▶ _Material to process_:
========================

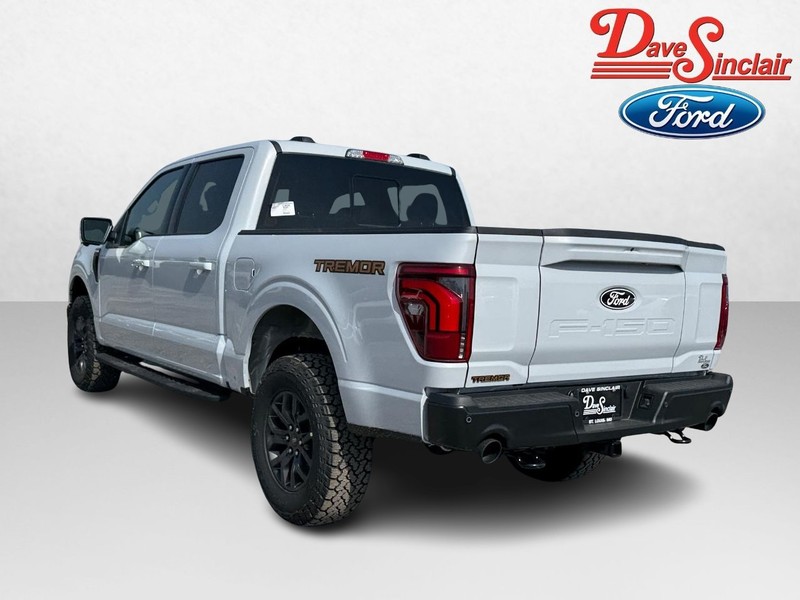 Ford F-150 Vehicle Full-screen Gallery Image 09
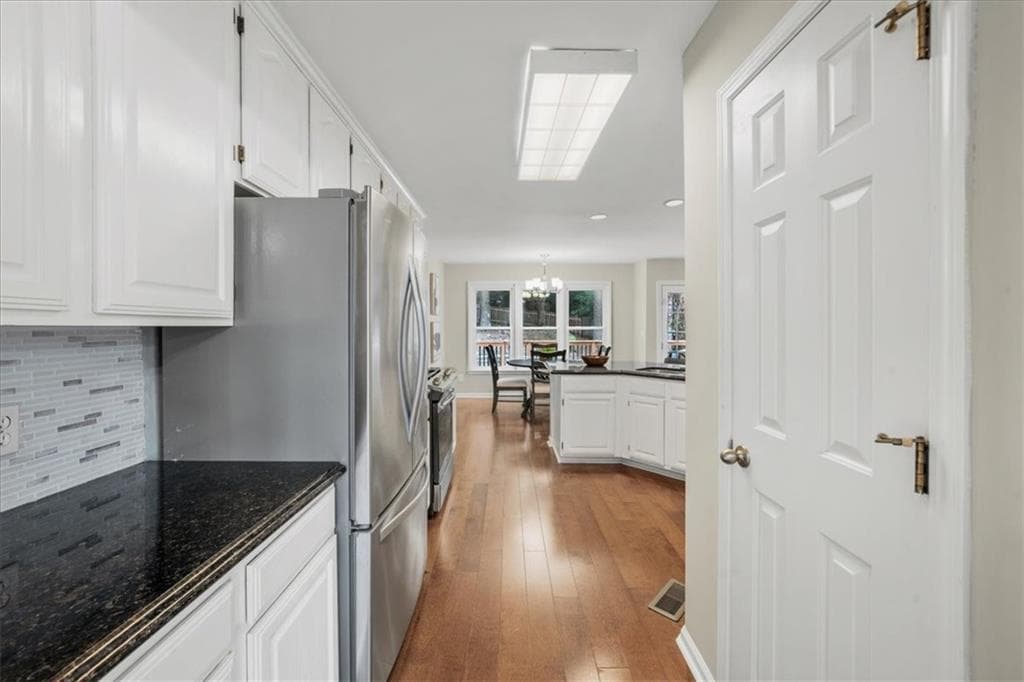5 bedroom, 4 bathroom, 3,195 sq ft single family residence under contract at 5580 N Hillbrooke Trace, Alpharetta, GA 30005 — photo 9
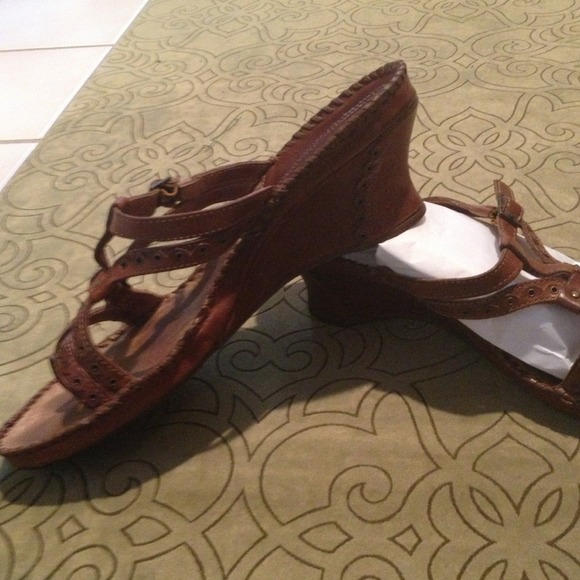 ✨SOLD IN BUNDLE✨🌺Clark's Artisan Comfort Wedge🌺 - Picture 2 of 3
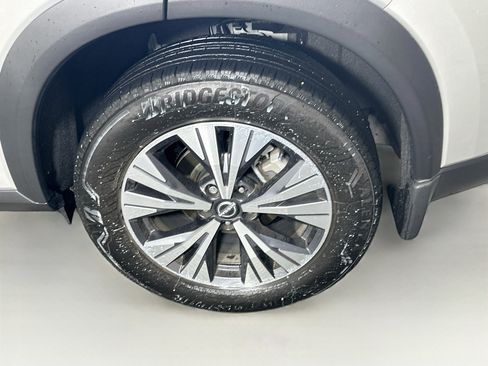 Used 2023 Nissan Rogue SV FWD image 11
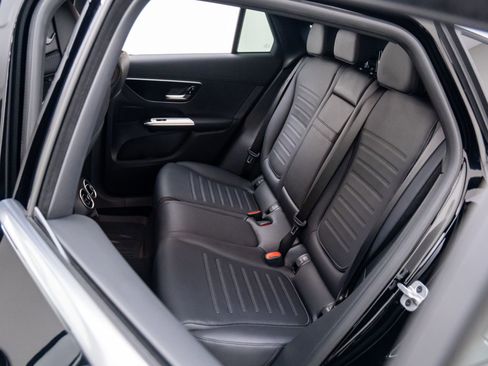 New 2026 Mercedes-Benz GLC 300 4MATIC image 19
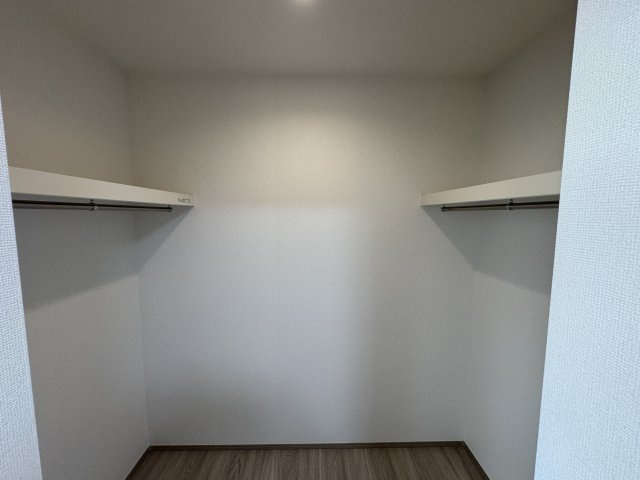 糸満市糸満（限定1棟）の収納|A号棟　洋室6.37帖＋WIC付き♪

========================

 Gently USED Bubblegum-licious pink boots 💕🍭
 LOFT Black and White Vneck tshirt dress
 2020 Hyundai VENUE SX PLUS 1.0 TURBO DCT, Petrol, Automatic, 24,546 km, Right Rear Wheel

========================

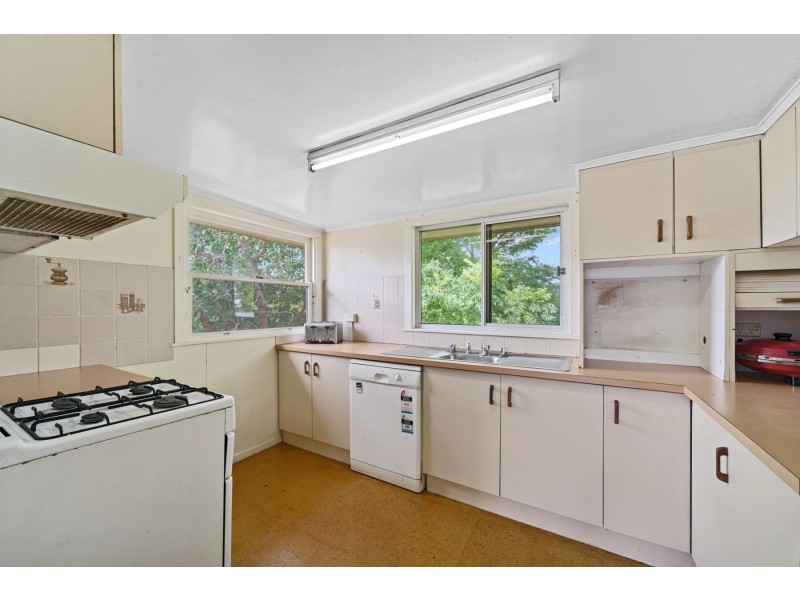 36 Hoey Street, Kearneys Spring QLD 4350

========================

▶ _Task item_: Using the entries above, write out exactly the lines from the one with "Ford F-150 Vehicle" through the one with "糸満市糸満（限定1棟）の収納|A号棟　洋室6.37帖＋WIC付き♪", ends included. Leave out any pictures.

▶ _Written answer_:
 Ford F-150 Vehicle Full-screen Gallery Image 09
5 bedroom, 4 bathroom, 3,195 sq ft single family residence under contract at 5580 N Hillbrooke Trace, Alpharetta, GA 30005 — photo 9
 ✨SOLD IN BUNDLE✨🌺Clark's Artisan Comfort Wedge🌺 - Picture 2 of 3
 Used 2023 Nissan Rogue SV FWD image 11
 New 2026 Mercedes-Benz GLC 300 4MATIC image 19
 糸満市糸満（限定1棟）の収納|A号棟　洋室6.37帖＋WIC付き♪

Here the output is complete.